We studied for the first time CM protein composition with the aim of identifying some proteins involved in the pathophysiology of endometriosis. The integration of high-resolution MS proteomic techniques and bioinformatic analysis permitted the identification of a pattern of proteins which could represent a molecular signature of endometriosis.
Overexpressed proteins
Six proteins resulted overexpressed in endometriosis: 4 out to these 6 proteins are related with inflammation, including polymeric immunoglobulin receptor (pIgR), Alpha-1-acid glycoprotein 2, Metalloproteinase inhibitor 1 and Neutrophil gelatinase-associated lipocalin. Inflammatory processes have a crucial role in the pathogenesis of endometriosis [31] as suggested by the abnormal levels of immune system cells, including macrophages [32], dendritic cells [33] and natural killer cells [34], within the female reproductive tract reported in patients with endometriosis. These cells are unable to completely eliminate ectopic endometrial cells. Moreover, immune system cells were found to be dysfunctional in endometriosis [34, 35]. Complicated reactions may occur due to endometriosis-induced secretion of cytokines [36], chemokines [37], nitric oxide [38], immunoglobulins [39], and immune cells [32–35]. Triggered immune reactions signify the host recognition of infectious agents, but, if pathogens are not swiftly recognized, immune reactions necessary to fight infections do not occur. Previous data reported an higher prevalence of endometritis in women with endometriosis [40], which may represent an adjunctive mechanisms to explain the decrease of fertility in these women.

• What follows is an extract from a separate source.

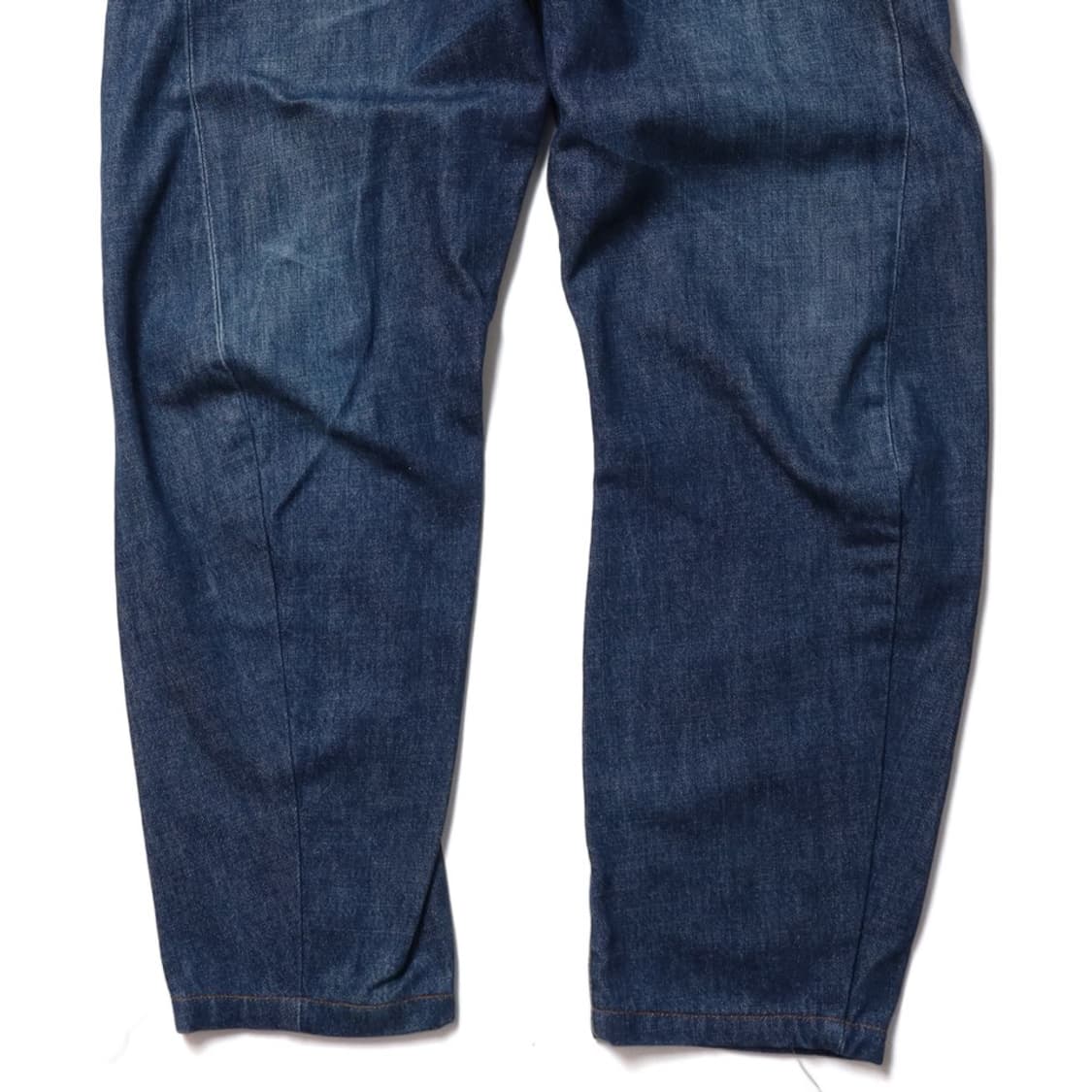 리바이스 Levi's Denim Pants 
 상품이미지3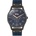 Lee Cooper LC06728.099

The overexpressed proteins verified in this study confirm the presence of inflammatory protein pattern in CM of patients with endometriosis, even if vaginal and cervical swabs excluded vaginal and cervical infection in all patients.

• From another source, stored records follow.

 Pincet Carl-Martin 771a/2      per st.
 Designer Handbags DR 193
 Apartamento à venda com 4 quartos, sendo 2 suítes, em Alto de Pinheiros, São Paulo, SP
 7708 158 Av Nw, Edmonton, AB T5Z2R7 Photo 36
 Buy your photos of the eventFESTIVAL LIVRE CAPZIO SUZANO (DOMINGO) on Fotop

In particular, Polimeric Immunoglobulin Receptor (pIgR) plays an important role in mucosal immune systems, since it binds and transports IgA in different mucosal tissues [41]. Previous data reported that IgA and IgG are differentially associated with the types of mucus of the female reproductive tract, since both IgA and IgG are stably associated with cervical mucus, but only IgG is associated with cervicovaginal mucus [42]. Antibodies can bind tightly to mucus, where they play a significant role in the fortification of the mucus barriers of the female reproductive tract.

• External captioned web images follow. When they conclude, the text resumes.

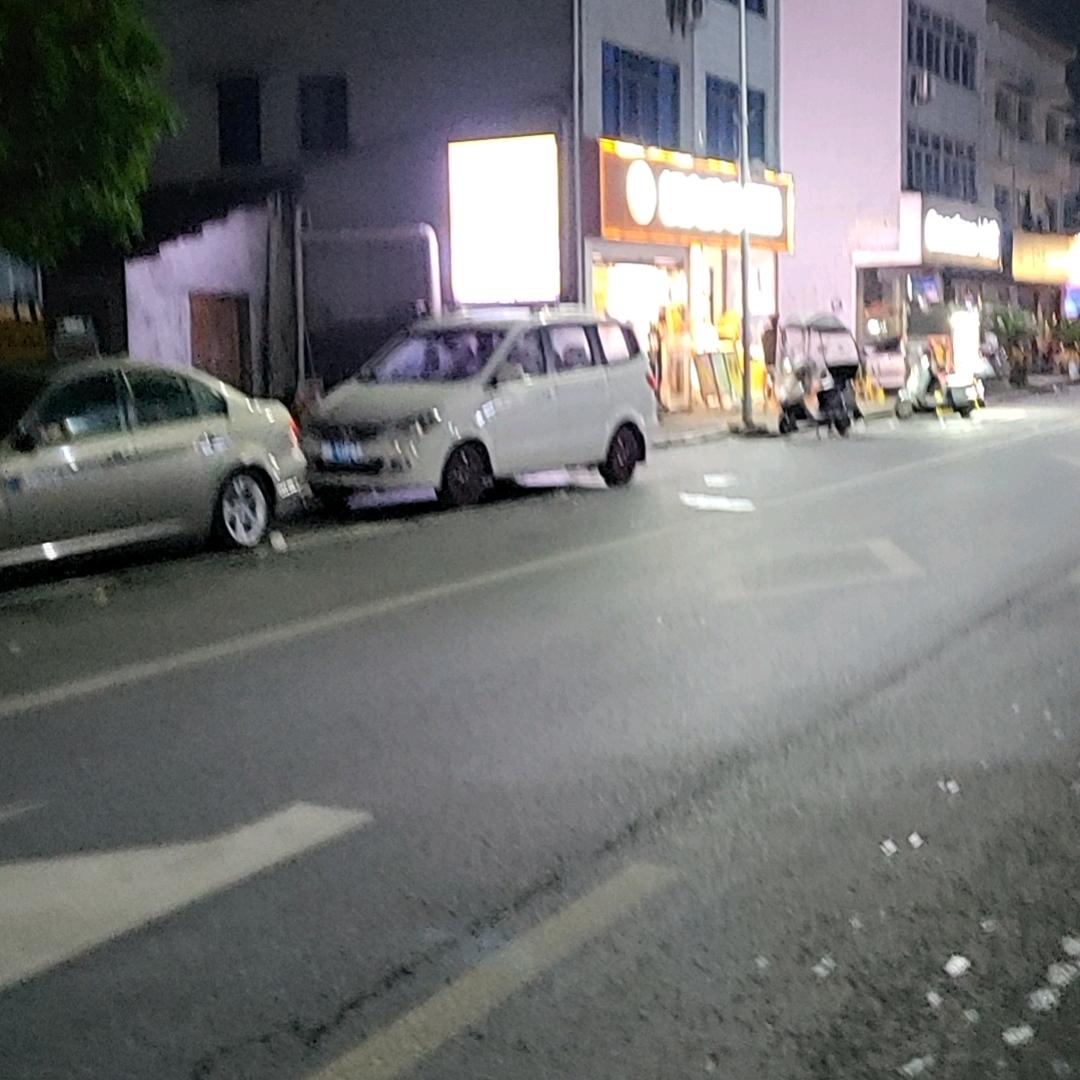无缝二张纯手法贵州师傅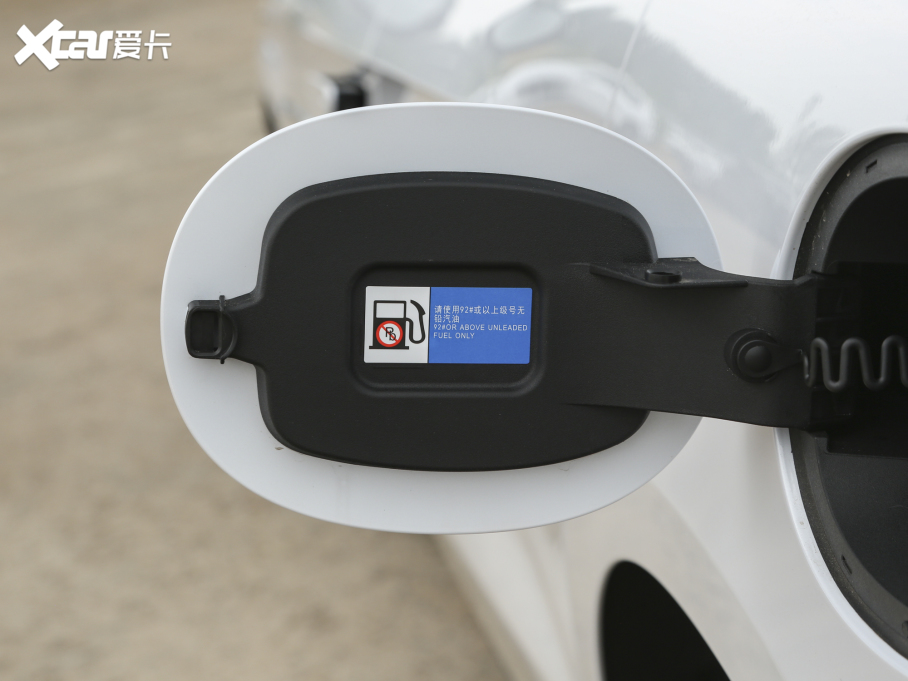 2023h DM-i ܊ 121KM F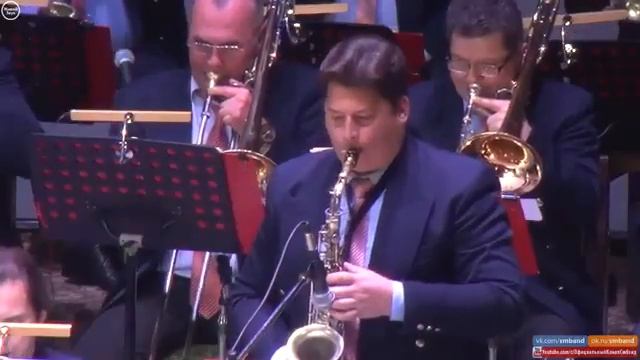 SM Band Sweet home Chicago СМ Бэнд Robert Johnson смотреть онлайн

Orosomucoid 2 (ORM2), also known as alpha 1 acid glycoprotein 2, is a type of acute-phase protein considered an anti-inflammatory and immunomodulatory factor due to its anti-neutrophil and anti-complement activity [43].
Tissue inhibitors of metalloproteinases (TIMP) are the inhibitors of matrix metalloproteinases. Expression of matrix metalloproteinases (MMPs) and their inhibitors (tissue inhibitors of metalloproteinases, TIMPs) is reportedly involved in the pathogenesis and pathophysiology of endometriosis. The MMPs and TIMPs are synthesized and secreted by both eutopic and ectopic endometrium in both the human and the rat [44, 45]. TIMP1 represents at least 10–15% of the proteins secreted into the peritoneal cavity by both rat implants and human endometriotic lesions [46]. Previous data reported that an excessive TIMP1 secretion in endometriosis was deleterious to ovulation and embryo development [47]. There are some literature reports about the expression of TIMP in CM, linking the expression of metalloproteinases-TIMP systems in the cervical mucus plug during pregnancy with the proteolytic activity in connection with term and pre-term birth [48]. We previously reported that TIMP-1 is a marker of pre-ovulatory CM in fertile patients that might be associated with the inhibition of proteolitic activity, which leads to the liquefaction of CM in the ovulatory phase [28]. In patients with endometriosis, the higher expression of TIMP-1 during ovulatory phase might contribute in inhibiting the proteolitic activity and the liquefaction of CM, which is essential for CM permeability to spermatozoa.
Neutrophil gelatinase-associated lipocalin (NGAL) was previously identified by a proteomic approach as a marker of neutrophil activity in cervical–vaginal fluid [49]. NGAL has been previously reported to be elevated in the urine of patients with endometriosis [50].
In conclusion, the proteic pattern of abacterial cervical inflammation associated with endometriosis might both reflect the dysfunctional immune pattern of endometriosis and represent a link with endometriosis-associated infertility.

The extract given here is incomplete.